| Work instruction |
Without any of the pictures, set down the data below exactly.

| Supplied data |
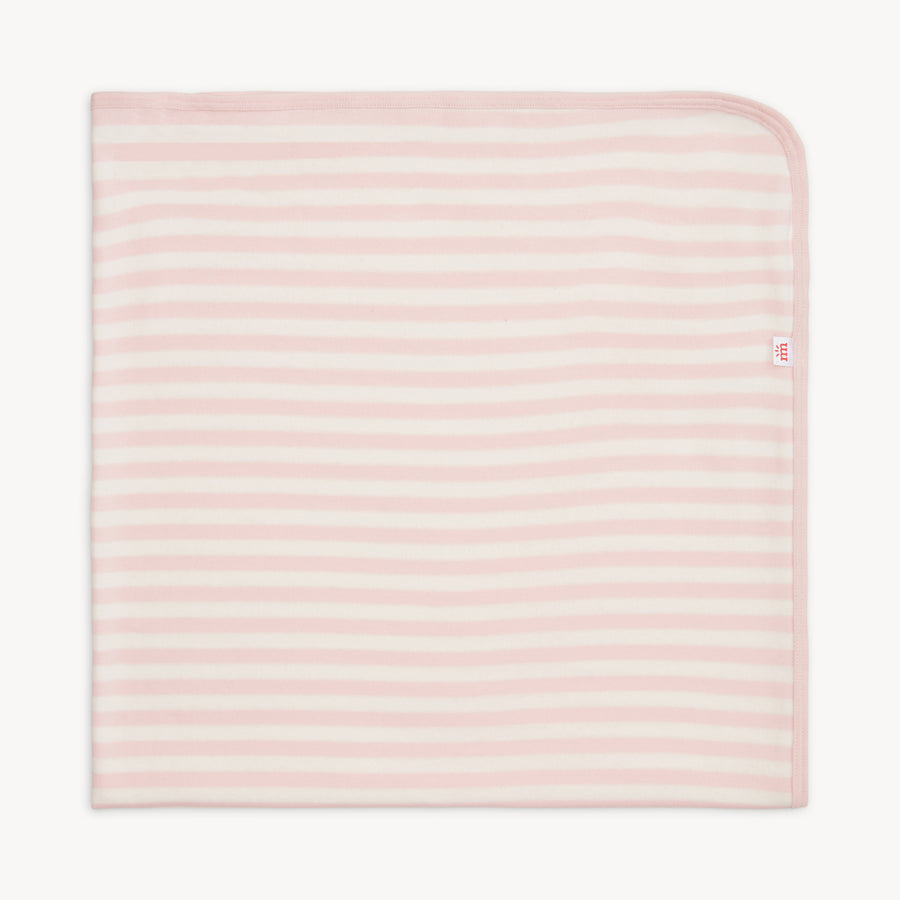 Organic Cotton Baby Blanket - Pink Stripe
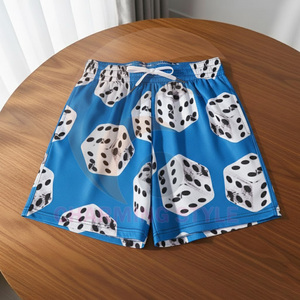 Shorts de golf pour hommes en polyester et élasthanne, personnalisés avec impression par sublimation, boutons, extensibles, avec poche arrière - Product Image 2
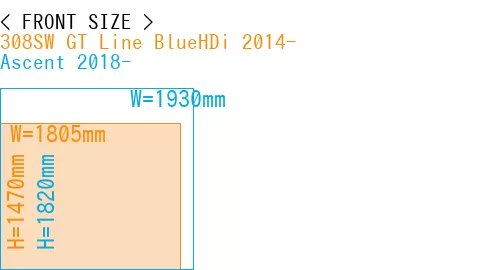 #308SW GT Line BlueHDi 2014- + Ascent 2018-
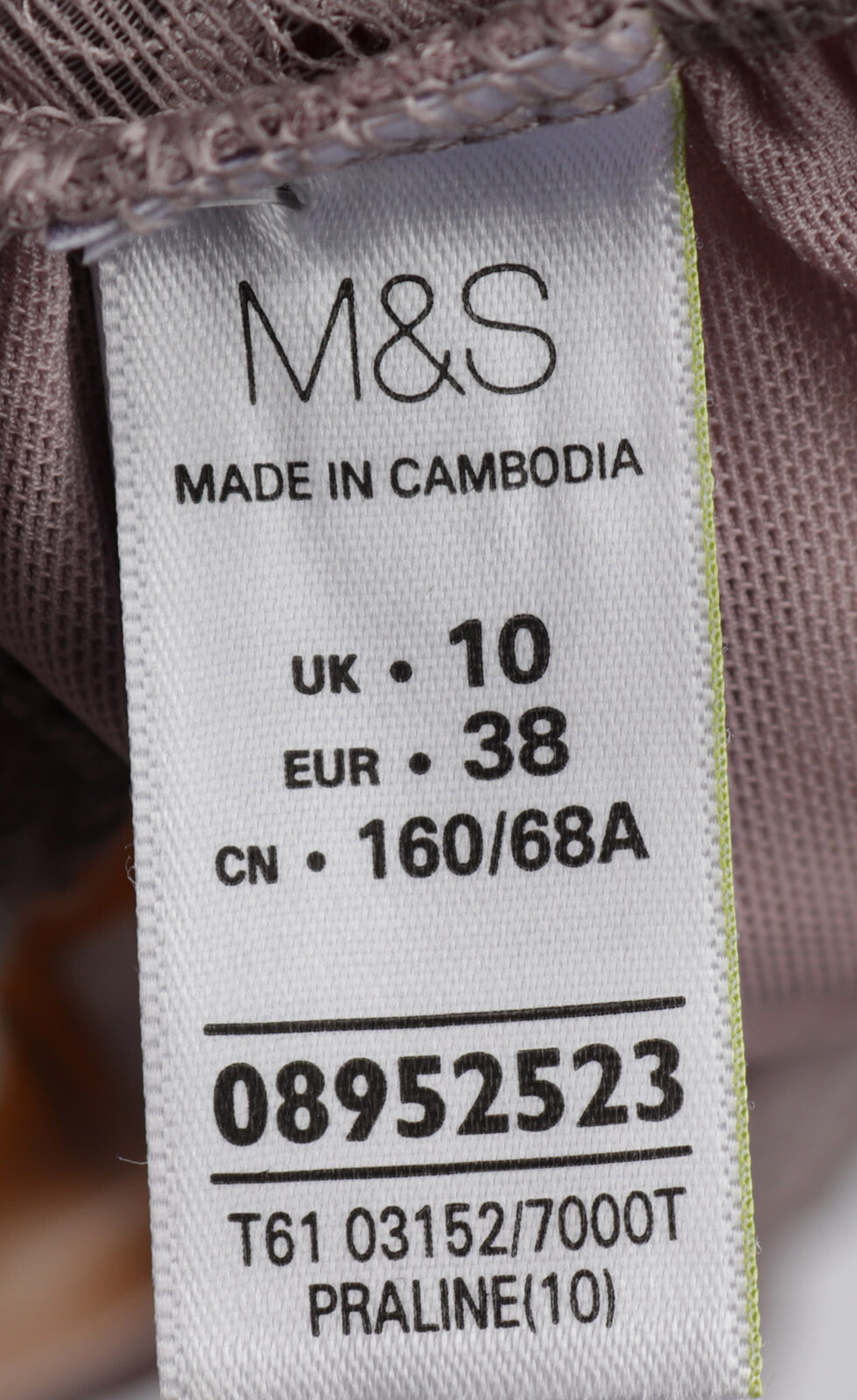 M&S Bikini Knickers Brown Womens Size 10 x3 zz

| Result |
 Organic Cotton Baby Blanket - Pink Stripe
 Shorts de golf pour hommes en polyester et élasthanne, personnalisés avec impression par sublimation, boutons, extensibles, avec poche arrière - Product Image 2
 #308SW GT Line BlueHDi 2014- + Ascent 2018-
 M&S Bikini Knickers Brown Womens Size 10 x3 zz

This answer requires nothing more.